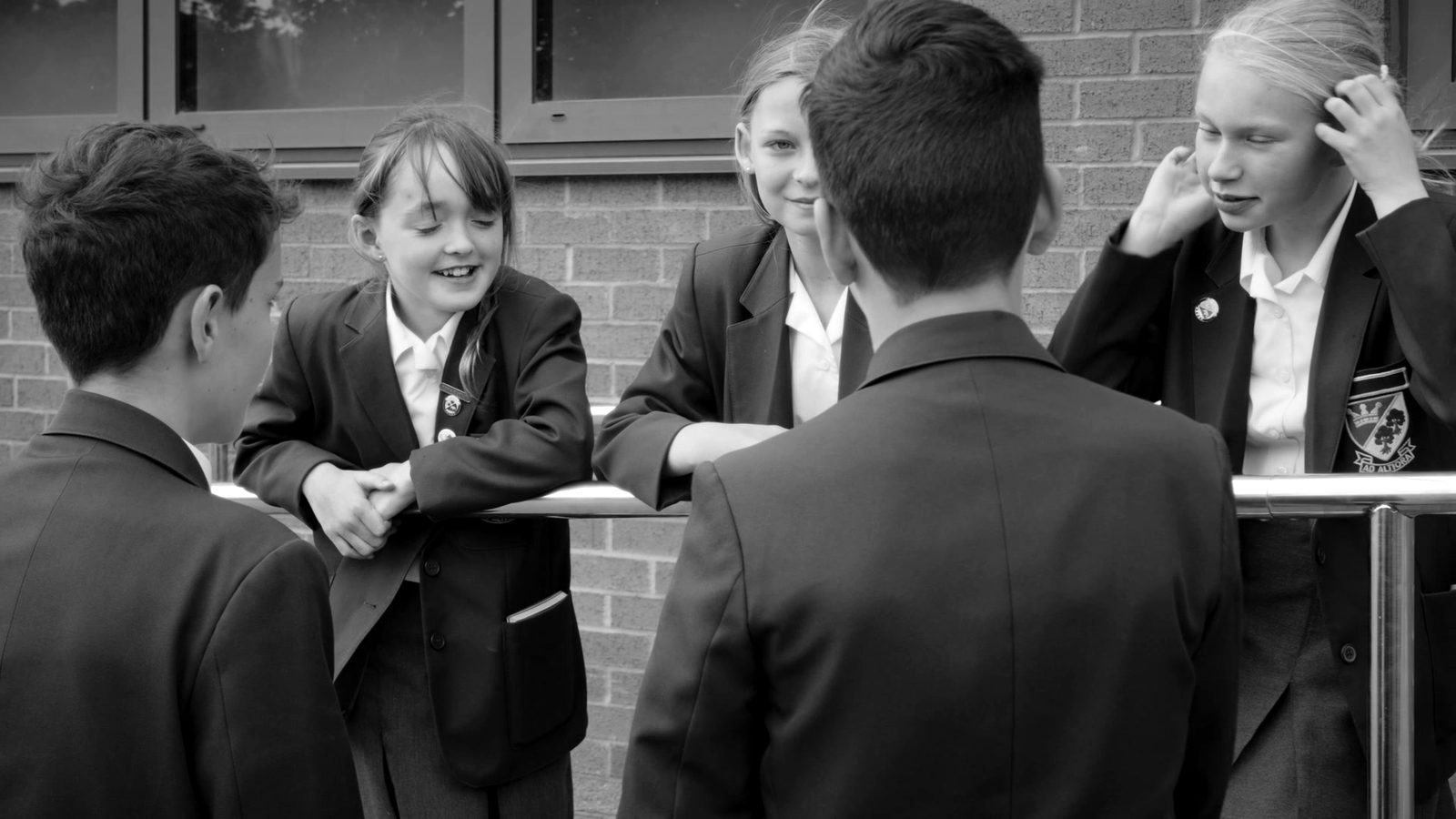 Pupils chatting at break time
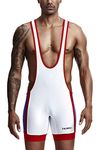 sandbank Men Sports Wrestling Singlet Sleeveless Jumpsuit Patchwork Shorts Singlet for Men Wrestling Uniform, White, L=tag size XL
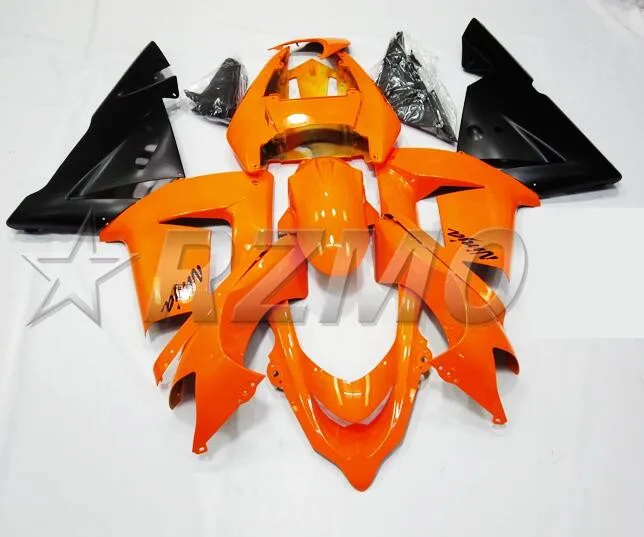 

4Gifts New ABS Motorcycle Full fairing kits fit for Kawasaki Ninja ZX-10R 2004 2005 10R 04 05 fairing set black orange custom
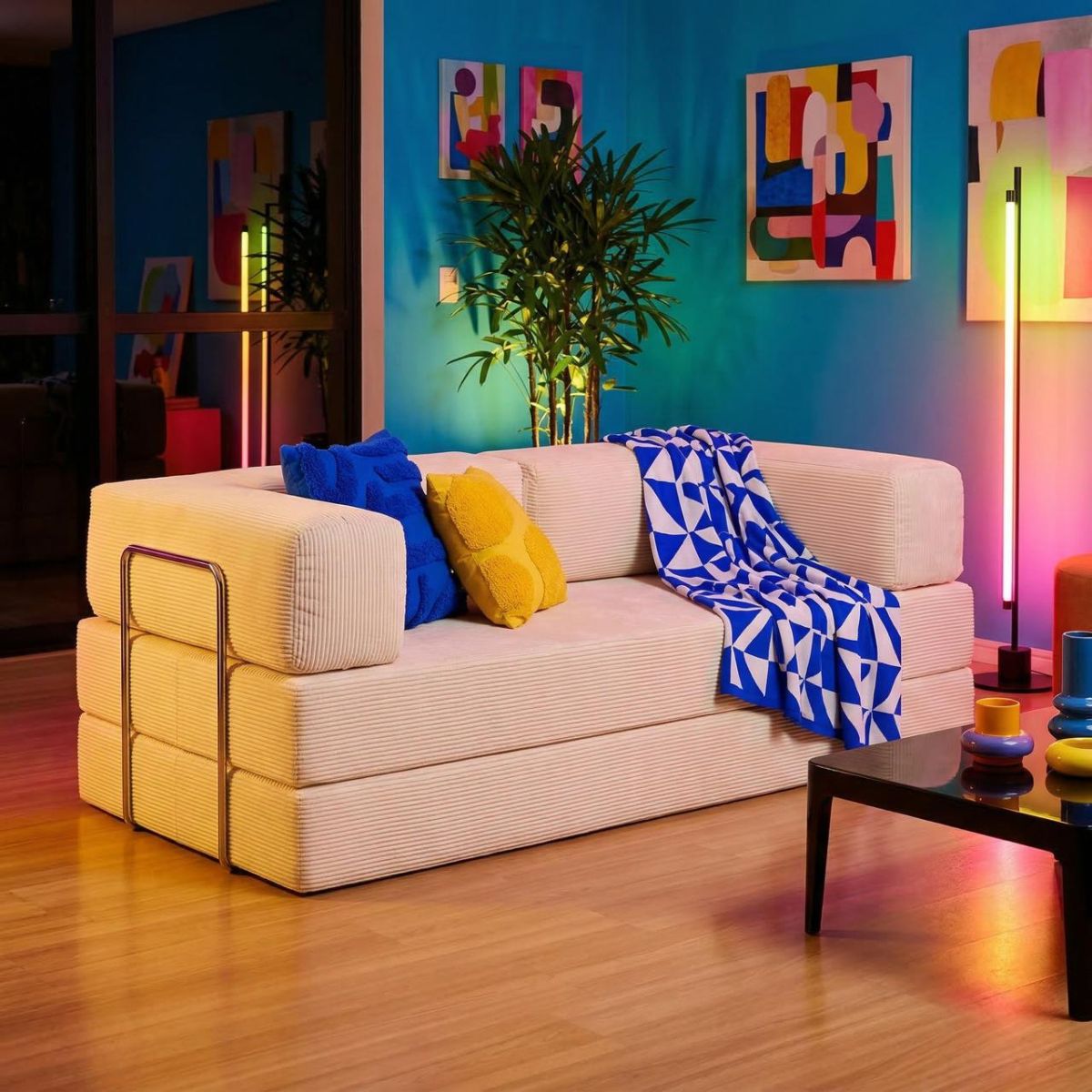 Sofá Cama 2 Lugares em Cotelê Flowin Bege - Inflow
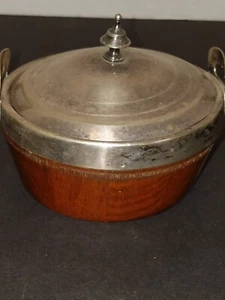 Antique English Nut Dish w/Silverplate Cover - White China Insert - 18th century - Picture 1 of 8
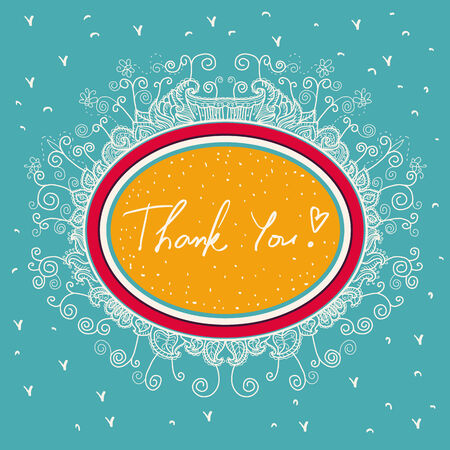 The card says "Thank you!" Freehand drawingのイラスト素材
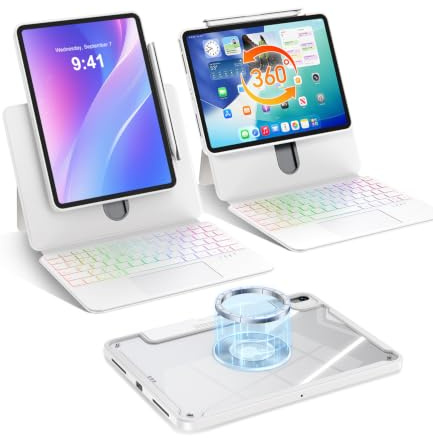 BLOSOMEET Keyboard Case for iPad A16 11/10th Gen 11/10.9 2025/2022, White | 7-Color Backlight & Native Gesture Trackpad & Kickstand, Lift Top Detachable Protective Cover with Pen Holder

■ ■ ■ ■ ■

• YOUR ASSIGNMENT: Exclude the pictures, and output exactly the lines from the one with "4Gifts New ABS" through the last line of the records, both included.

• ANSWER FOR THIS EXERCISE:
4Gifts New ABS Motorcycle Full fairing kits fit for Kawasaki Ninja ZX-10R 2004 2005 10R 04 05 fairing set black orange custom
 Sofá Cama 2 Lugares em Cotelê Flowin Bege - Inflow
 Antique English Nut Dish w/Silverplate Cover - White China Insert - 18th century - Picture 1 of 8
 The card says "Thank you!" Freehand drawingのイラスト素材
 BLOSOMEET Keyboard Case for iPad A16 11/10th Gen 11/10.9 2025/2022, White | 7-Color Backlight & Native Gesture Trackpad & Kickstand, Lift Top Detachable Protective Cover with Pen Holder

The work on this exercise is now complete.